Pumpkin Pie Crisp with a Buttery Crust

Pumpkin Pie Crisp with a Buttery Crust: A Fall Dessert Dream

Nothing says fall like the warm flavors of pumpkin pie, and this Pumpkin Pie Crisp with a buttery crust takes it to the next level. With a perfectly flaky crust, creamy pumpkin filling, and a crunchy, cinnamon oat topping, this dessert is sure to be a crowd-pleaser. Whether you’re looking for a cozy dessert for family gatherings or something unique to bring to a potluck, this pumpkin crisp is the perfect seasonal treat.

Pumpkin Pie Crisp with a Buttery Crust Recipe

Prep Time: 20 minutes
Baking Time: 55 minutes
Total Time: 1 hour 15 minutes
Calories: 340 kcal per serving
Servings: 12

Ingredients:

For the Crust:

  • 1 1/2 cups all-purpose flour
  • 1/2 cup unsalted butter, cold and cut into small pieces
  • 1/4 cup granulated sugar
  • 1/4 teaspoon salt
  • 1–2 tablespoons cold water (as needed)

For the Pumpkin Filling:

  • 1 can (15 oz) pumpkin puree
  • 1/2 cup granulated sugar
  • 1/2 cup brown sugar
  • 1 teaspoon ground cinnamon
  • 1/2 teaspoon ground nutmeg
  • 1/4 teaspoon ground cloves
  • 1/4 teaspoon ground ginger
  • 2 large eggs
  • 1 can (12 oz) evaporated milk

For the Crisp Topping:

  • 1 cup all-purpose flour
  • 1/2 cup old-fashioned oats
  • 1/2 cup brown sugar
  • 1 teaspoon ground cinnamon
  • 1/2 cup unsalted butter, melted

Directions:

1. Prepare the Crust:
In a large bowl, mix together the flour, granulated sugar, and salt. Cut in the cold butter pieces until the mixture resembles coarse crumbs. Gradually add the cold water, one tablespoon at a time, until the dough just begins to come together. Form the dough into a disk, wrap it in plastic wrap, and refrigerate for 30 minutes.

2. Pre-Bake the Crust:
Preheat your oven to 350°F (175°C). On a lightly floured surface, roll out the chilled dough to fit a 9×13-inch baking dish. Transfer the dough to the baking dish, pressing it firmly into the bottom. Prick the crust all over with a fork to prevent bubbling, then pre-bake it for 10-12 minutes, or until lightly golden. Allow it to cool slightly.

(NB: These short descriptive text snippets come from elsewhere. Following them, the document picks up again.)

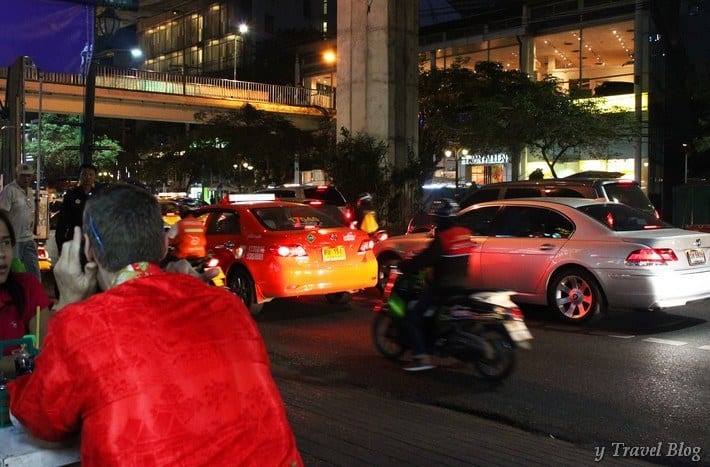 cars and motorbikes driving on the road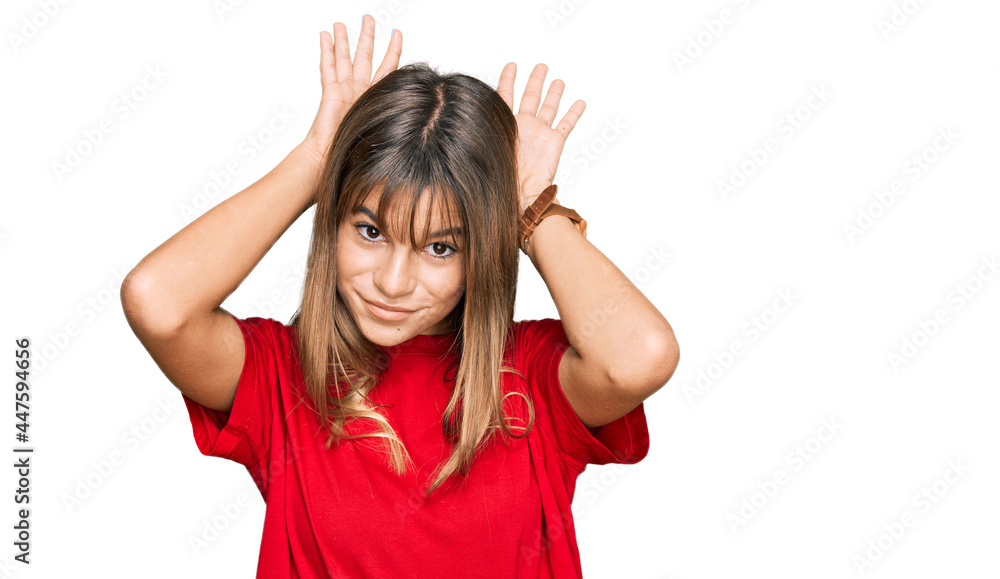 Teenager caucasian girl wearing casual red t shirt doing bunny ears gesture with hands palms looking cynical and skeptical. easter rabbit concept. Teenager caucasian girl wearing casual red t shirt doing bunny ears gesture with hands palms looking cynical and skeptical. easter rabbit concept.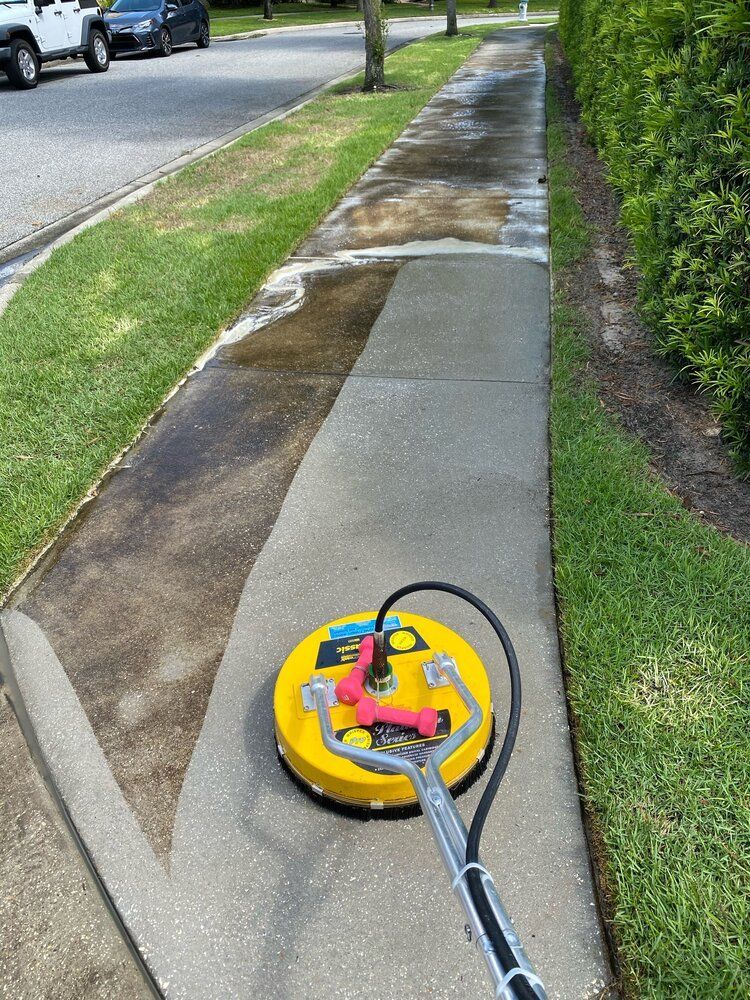 Sidewalk with Pressure Washer - Orlando, FL - Strada Solutions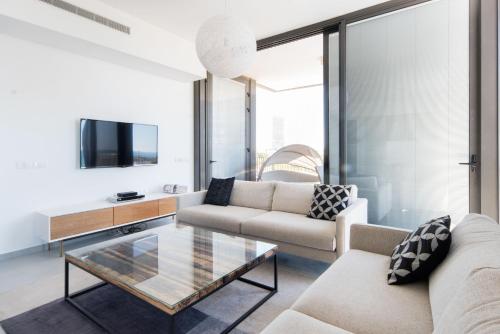 a living room with a couch and a glass coffee table at Modern 2-BR in Carmel Market by HolyGuest in Tel Aviv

3. Make the Pumpkin Filling:
In a large bowl, whisk together the pumpkin puree, granulated sugar, brown sugar, cinnamon, nutmeg, cloves, ginger, eggs, and evaporated milk until smooth. Pour this pumpkin mixture over the pre-baked crust.

4. Prepare the Crisp Topping:
In a medium bowl, combine the flour, oats, brown sugar, and cinnamon. Stir in the melted butter until the mixture becomes crumbly and well mixed.

5. Assemble and Bake:
Sprinkle the crisp topping evenly over the pumpkin filling. Place the dish back into the oven and bake for 40-45 minutes, or until the topping is golden brown and the pumpkin filling is set.

6. Cool and Serve:
Let the Pumpkin Pie Crisp cool slightly before serving. For a special touch, serve with a dollop of whipped cream or a scoop of vanilla ice cream.

Tips for the Best Pumpkin Pie Crisp

  • Crust Success: Ensure your butter is cold when making the crust for maximum flakiness.
  • Extra Crunch: Add chopped pecans or walnuts to the crisp topping for a nutty twist.
  • Serving Idea: This dessert is delicious warm, but letting it cool completely allows for cleaner slices if you’re serving it at a gathering.

This Pumpkin Pie Crisp is the perfect blend of cozy fall flavors and textures. The buttery crust, creamy pumpkin filling, and crisp topping create an irresistible dessert that everyone will love. Enjoy this with family and friends, and bring a taste of autumn to your table!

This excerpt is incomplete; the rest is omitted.